NATO is playing a risky game, however, by continuing to supply lethal weapons to Ukraine that originate from and are shipped through NATO members’ territory. While international law is insufficiently clear on the matter, it appears that the provision of weapons to Ukraine does not by itself open the door to legally justifiable military countermeasures by Russia. (For example, Russia can’t bomb Germany or Poland for facilitating arms transfers.)

But this is not the case when it comes to fulfilling one of Ukraine’s most oft-repeated requests, establishing a “no-fly zone” over Ukraine. If NATO aircraft were to engage in such an action, it would lead to direct contact with Russian aircraft in a theater of war, a result which would most likely end in combat between the opposing sides. Moreover, this is exactly the  kind of “intervention” Putin warned about on Feb. 23. NATO has, to date, consistently ruled out implementing a “no-fly zone” over Ukraine.

Ukraine has also requested NATO provide it with military aircraft, in particular MIG-29 fighters, that could be used to reinforce Ukraine’s much-diminished air force. While technically the provision of weapons is not a triggering moment for Russian countermeasures under international law, the delivery of combat aircraft too closely resembles the imposition of a no-fly zone and, given what that entails regarding a Russian reaction, has been deemed by the Pentagon to be untenable.

Refugee Danger

The Palanca-Maiaki-Udobnoe border crossing point, between Moldova and Ukraine on March 1 as people flee the war in Ukraine. (UN Women/Aurel Obreja)

While the threat of NATO overreach in providing air support to the Ukrainian government exists, the greatest potential for a NATO-Russian clash in Ukraine rests in the ongoing flow of refugees from Ukraine into neighboring territories.

To date, more than 2 million Ukrainians have fled to sanctuary in Poland, Moldova, Hungary and Romania. The capacity of these nations to absorb these refugees is rapidly reaching the saturation point. If Russia begins its long-anticipated assault on Kiev, or otherwise engages in action which dramatically alters the situation in the rest of Ukraine, it is anticipated that millions more Ukrainians will be seeking refugee status, creating the real potential for one of the greatest humanitarian emergencies since the end of the Second World War.
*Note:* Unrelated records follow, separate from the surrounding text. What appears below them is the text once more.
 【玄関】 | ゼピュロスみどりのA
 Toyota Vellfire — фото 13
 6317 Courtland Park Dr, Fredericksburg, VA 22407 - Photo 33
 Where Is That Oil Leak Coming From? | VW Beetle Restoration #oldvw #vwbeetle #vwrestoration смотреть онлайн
Faced with such conditions, Ukraine’s neighbors may feel compelled to create a humanitarian buffer zone along Ukraine’s border with Europe which would require the deployment of some sort of peacekeeping force, operating under either the U.N., EU or NATO Article IV authority. The question of how Russia would respond to such an intervention is unknown.
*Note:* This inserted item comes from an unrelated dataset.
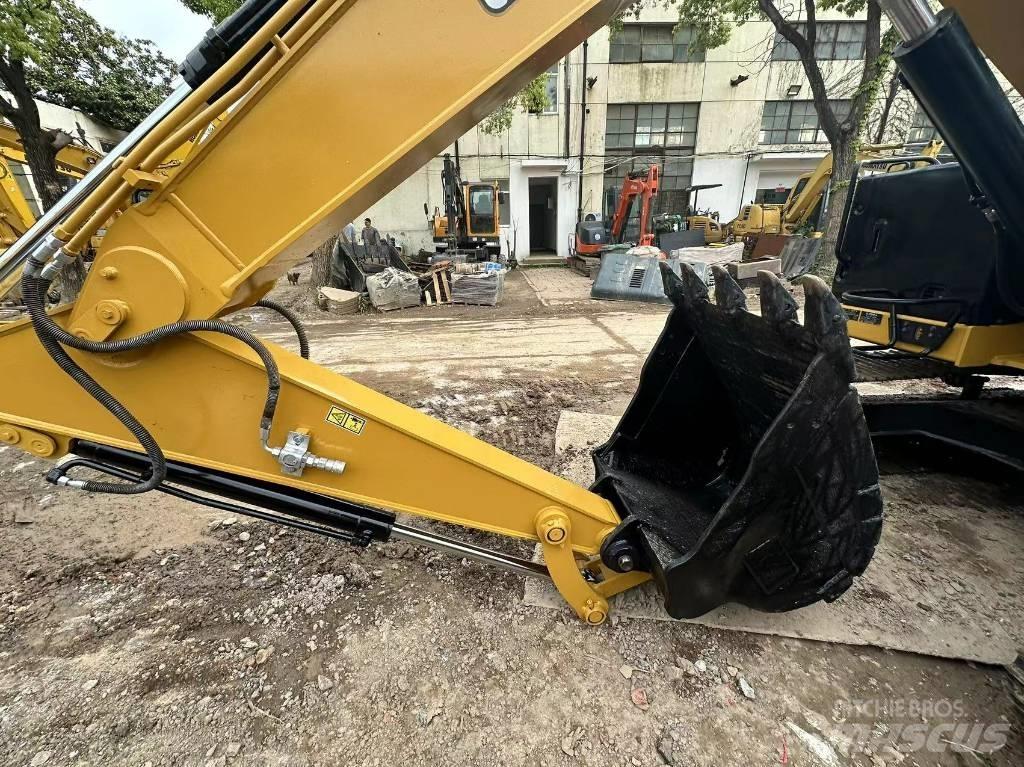 CAT 307 Средни екскаватори 7т - 12т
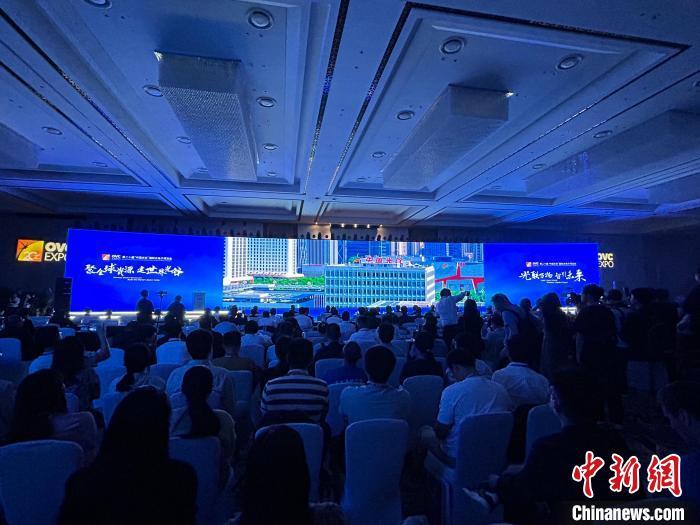 圖為光博會開幕式現(xiàn)場?！⊥鯄翩?攝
If Russia were to militarily confront such a peacekeeping force on the soil of Ukraine, there is a distinct probability that NATO heavy forces might be brought in to protect the peacekeepers, raising the unthinkable prospect of a direct confrontation between Russian and NATO forces.

No one can predict with any degree of accuracy how events during war will unfold; no plan survives initial contact with the enemy, and the enemy always gets a vote.

However, if the war in Ukraine continues unabated at a level equaling or exceeding its current scope and scale, it is not a stretch of the imagination to think that there will be a refugee-induced crisis that will require some form of humanitarian intervention.

To the degree that such an intervention would be construed by Russia as a threat worthy of military countermeasures is unknown. Perhaps it is time for NATO and EU diplomats to act in a proactive fashion, reaching out to their Russian counterparts in an effort to anticipate both the problem, and the solution, in a manner which does not create the conditions for inadvertent military conflict.